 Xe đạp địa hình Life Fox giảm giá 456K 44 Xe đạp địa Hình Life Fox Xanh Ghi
...
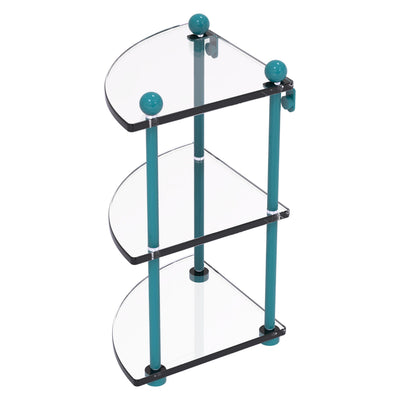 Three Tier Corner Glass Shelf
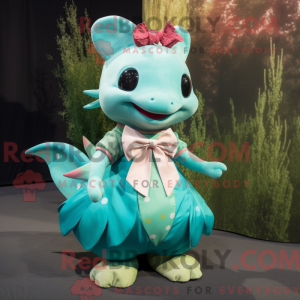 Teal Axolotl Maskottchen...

Work task →
I would like the exact lines from the data above, starting with the one that holds "Three Tier Corner Glass Shelf" and going on through the one that holds "Teal Axolotl Maskottchen...", without the pictures.

Response area →
 Three Tier Corner Glass Shelf
 Teal Axolotl Maskottchen...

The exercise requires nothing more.